Taiwan to Treat Any Chinese Air Incursion as a ‘First Strike’

Taiwan to Treat Any Chinese Air Incursion as a ‘First Strike’

Taiwan’s warning to China seeks to redefine the threshold for war as China increasingly probes its neighbor’s readiness by sending aircraft into its air defense identification zone.


Taiwanese defense minister Chiu Kuo-cheng warned the government of China on Thursday not to enter Taiwan’s airspace, claiming that any intrusion would be regarded as the first strike in a cross-strait war.

Chiu outlined the self-governing island’s new defense policy at a meeting of the Foreign and National Defense Committee of the Legislative Yuan, Taiwan’s parliament. The defense minister noted that Taiwan had a longstanding policy against initiating a military conflict with its much larger western neighbor, but noted that “the definition has obviously changed” due to China’s increasing use of small drones to violate Taiwanese airspace.


“So we have adjusted and will view any crossing of [any] aerial entities as a first strike,” Chiu said. Although he provided no additional details on how Taipei would react to a Chinese incursion, he claimed that “countermeasures” would be employed against any provocation by Beijing.

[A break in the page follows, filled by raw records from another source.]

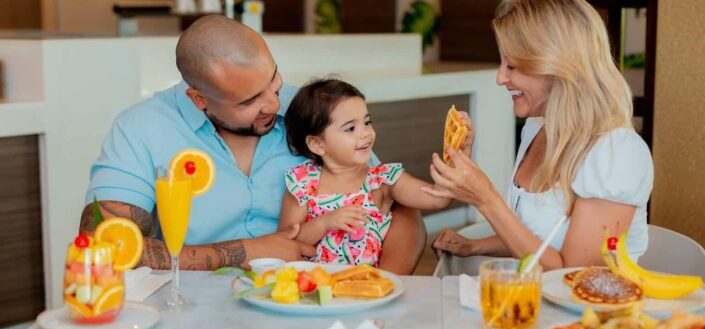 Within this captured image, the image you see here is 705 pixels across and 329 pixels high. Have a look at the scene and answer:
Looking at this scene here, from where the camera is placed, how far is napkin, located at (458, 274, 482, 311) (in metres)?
1.85

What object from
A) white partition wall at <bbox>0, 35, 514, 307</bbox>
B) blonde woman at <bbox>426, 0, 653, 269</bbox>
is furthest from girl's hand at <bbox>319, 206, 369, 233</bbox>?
white partition wall at <bbox>0, 35, 514, 307</bbox>

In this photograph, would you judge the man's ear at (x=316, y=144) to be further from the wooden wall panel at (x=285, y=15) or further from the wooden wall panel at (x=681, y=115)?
the wooden wall panel at (x=285, y=15)

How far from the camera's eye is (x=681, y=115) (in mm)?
3311

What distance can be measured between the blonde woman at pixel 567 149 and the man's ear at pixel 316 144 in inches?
16.7

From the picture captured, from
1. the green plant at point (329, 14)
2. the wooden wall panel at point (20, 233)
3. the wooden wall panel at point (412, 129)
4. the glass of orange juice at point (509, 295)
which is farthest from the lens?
the green plant at point (329, 14)

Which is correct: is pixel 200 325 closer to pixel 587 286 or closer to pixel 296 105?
pixel 587 286

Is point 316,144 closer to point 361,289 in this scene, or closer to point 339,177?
point 339,177

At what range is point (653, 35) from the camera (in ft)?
11.5

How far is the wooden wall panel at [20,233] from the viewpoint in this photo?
356cm

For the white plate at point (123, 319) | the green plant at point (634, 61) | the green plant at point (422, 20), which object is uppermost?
the green plant at point (422, 20)

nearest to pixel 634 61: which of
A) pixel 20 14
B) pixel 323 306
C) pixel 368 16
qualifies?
pixel 368 16

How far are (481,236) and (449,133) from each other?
0.45 metres

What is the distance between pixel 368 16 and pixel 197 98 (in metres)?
5.66

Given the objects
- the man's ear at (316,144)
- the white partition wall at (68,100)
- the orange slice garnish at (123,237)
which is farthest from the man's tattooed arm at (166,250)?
the white partition wall at (68,100) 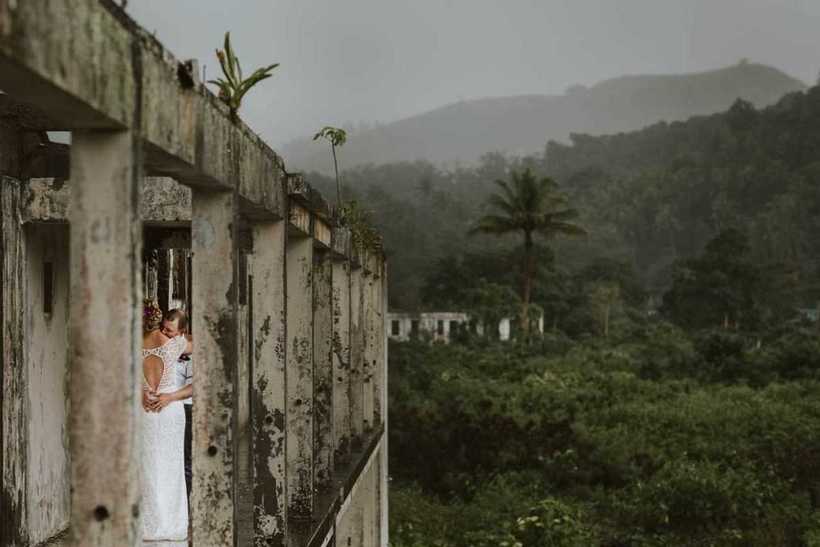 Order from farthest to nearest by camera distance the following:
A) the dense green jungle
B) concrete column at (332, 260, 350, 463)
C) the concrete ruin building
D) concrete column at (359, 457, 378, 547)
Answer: the dense green jungle → concrete column at (359, 457, 378, 547) → concrete column at (332, 260, 350, 463) → the concrete ruin building

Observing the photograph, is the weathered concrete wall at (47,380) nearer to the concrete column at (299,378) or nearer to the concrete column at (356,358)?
the concrete column at (299,378)

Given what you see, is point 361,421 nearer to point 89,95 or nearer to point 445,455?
point 89,95

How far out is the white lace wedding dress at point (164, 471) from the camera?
241 inches

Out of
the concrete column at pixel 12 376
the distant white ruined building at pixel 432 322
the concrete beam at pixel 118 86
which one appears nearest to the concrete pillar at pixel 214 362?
the concrete beam at pixel 118 86

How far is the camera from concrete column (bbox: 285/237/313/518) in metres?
5.95

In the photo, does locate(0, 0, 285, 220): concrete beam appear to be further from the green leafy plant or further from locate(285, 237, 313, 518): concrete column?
the green leafy plant

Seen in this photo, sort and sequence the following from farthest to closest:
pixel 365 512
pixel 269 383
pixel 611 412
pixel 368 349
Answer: pixel 611 412, pixel 368 349, pixel 365 512, pixel 269 383

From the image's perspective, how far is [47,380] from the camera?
19.4 ft

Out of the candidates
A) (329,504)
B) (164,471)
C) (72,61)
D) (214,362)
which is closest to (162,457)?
(164,471)

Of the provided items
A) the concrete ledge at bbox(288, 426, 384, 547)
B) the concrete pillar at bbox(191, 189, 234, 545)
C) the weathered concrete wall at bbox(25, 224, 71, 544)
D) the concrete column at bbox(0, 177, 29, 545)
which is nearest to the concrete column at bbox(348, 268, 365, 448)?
the concrete ledge at bbox(288, 426, 384, 547)

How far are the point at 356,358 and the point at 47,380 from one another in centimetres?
404

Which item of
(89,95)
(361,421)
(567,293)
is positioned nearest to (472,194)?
(567,293)

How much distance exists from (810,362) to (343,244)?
871 inches

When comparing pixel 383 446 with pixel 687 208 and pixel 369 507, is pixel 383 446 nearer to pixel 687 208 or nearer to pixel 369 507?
pixel 369 507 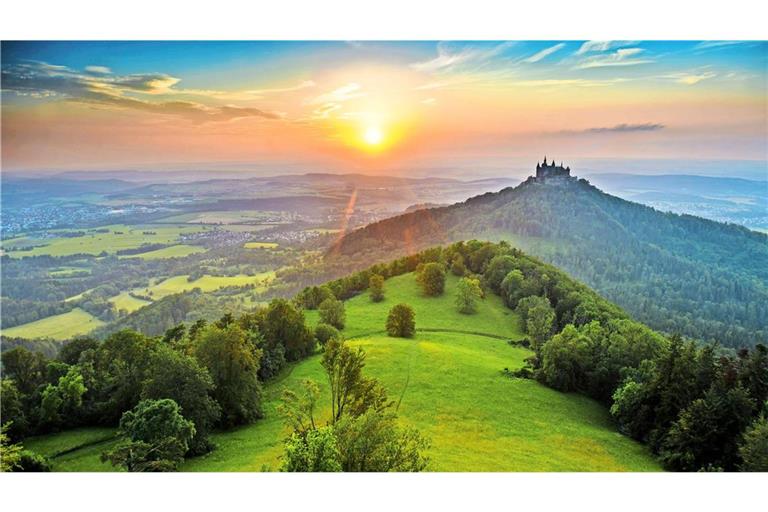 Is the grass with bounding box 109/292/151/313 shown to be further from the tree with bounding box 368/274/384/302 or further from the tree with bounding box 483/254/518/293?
the tree with bounding box 483/254/518/293

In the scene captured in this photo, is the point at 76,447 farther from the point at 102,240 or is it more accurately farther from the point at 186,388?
the point at 102,240

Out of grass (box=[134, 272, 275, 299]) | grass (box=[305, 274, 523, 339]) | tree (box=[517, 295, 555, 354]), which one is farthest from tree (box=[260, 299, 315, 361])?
tree (box=[517, 295, 555, 354])

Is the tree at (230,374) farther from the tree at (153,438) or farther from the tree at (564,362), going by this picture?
the tree at (564,362)

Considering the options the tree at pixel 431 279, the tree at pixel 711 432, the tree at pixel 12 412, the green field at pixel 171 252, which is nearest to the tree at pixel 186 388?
the tree at pixel 12 412

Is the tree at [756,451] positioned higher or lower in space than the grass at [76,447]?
higher

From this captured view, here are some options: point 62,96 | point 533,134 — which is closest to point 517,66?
point 533,134

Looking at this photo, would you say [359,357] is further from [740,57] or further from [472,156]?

Both Taiwan—officially known as the Republic of China—and mainland China, which have been governed separately since 1949, regard themselves as the legitimate Chinese government. Beijing has repeatedly threatened to invade Taiwan in recent years, claiming in policy documents that a return of Taipei to mainland control would mark the beginning of the “great rejuvenation of the Chinese nation.” Despite these tensions, the two states have long maintained a tacit agreement on airspace and water rights within the Taiwan Strait, divided by an unofficial “median line” down its center.

However, Chiu claimed in his remarks to the committee that Beijing had “destroyed” the consensus through naval and air harassment operations, including the flight of dozens of military aircraft into Taiwan’s “air defense identification zone,” or ADIZ. Although these flights do not enter Taiwan’s airspace proper, potentially provoking military action, they allow China’s military to gauge the readiness and response time of Taiwan’s air defenses.

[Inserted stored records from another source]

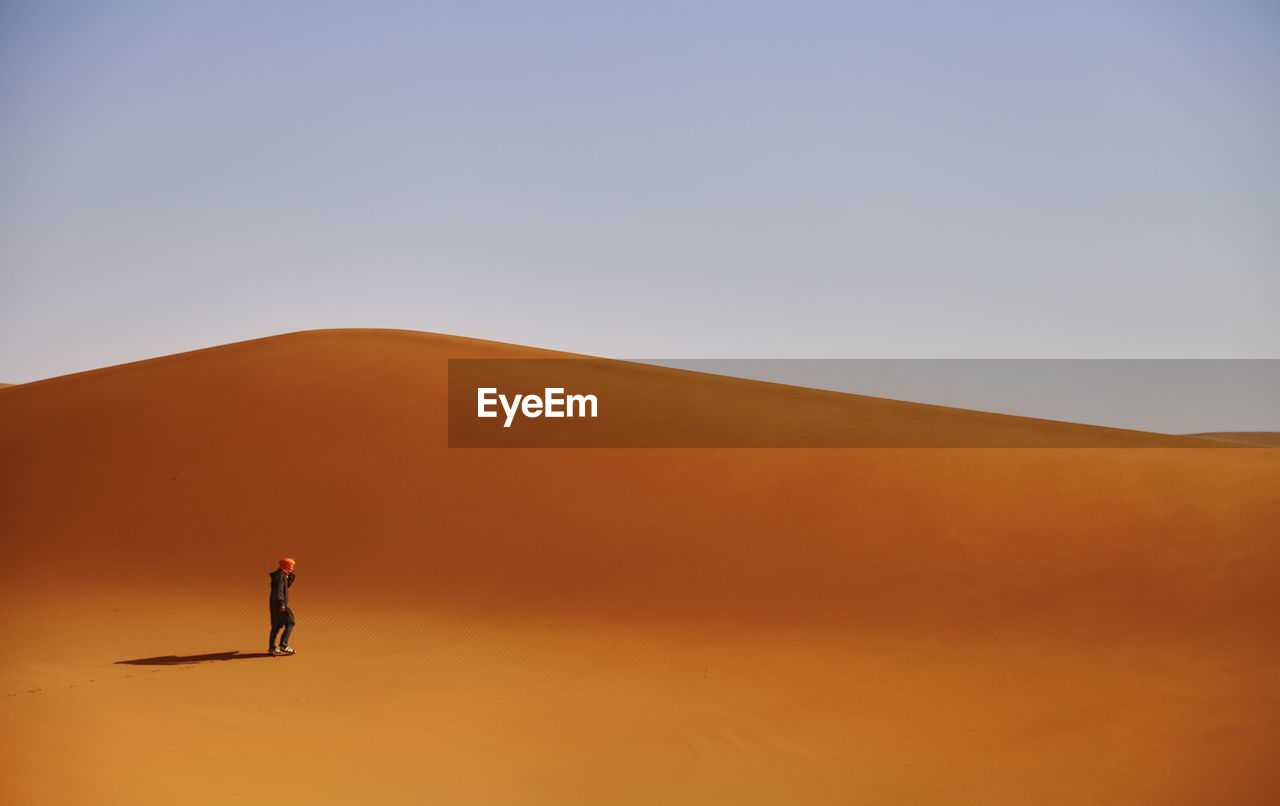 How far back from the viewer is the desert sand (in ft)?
24.8

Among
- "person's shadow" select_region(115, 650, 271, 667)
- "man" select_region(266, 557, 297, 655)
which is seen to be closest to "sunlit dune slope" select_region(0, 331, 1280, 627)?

The increased cross-strait tensions come in the aftermath of a high-profile visit to Taiwan by Speaker of the House Nancy Pelosi (D-CA) in early August. Pelosi’s visit—marking the most significant official U.S. visit to Taiwan since 1997, when Speaker of the House Newt Gingrich visited the island—was fiercely condemned by China and opposed by many in the United States, who argued that it was needlessly provocative with relatively little gain for Taipei. Pelosi defended her actions after her return to the United States, claiming that the visit had been “worth it” as a statement of American support for the island.

Trevor Filseth is a current and foreign affairs writer for the National Interest.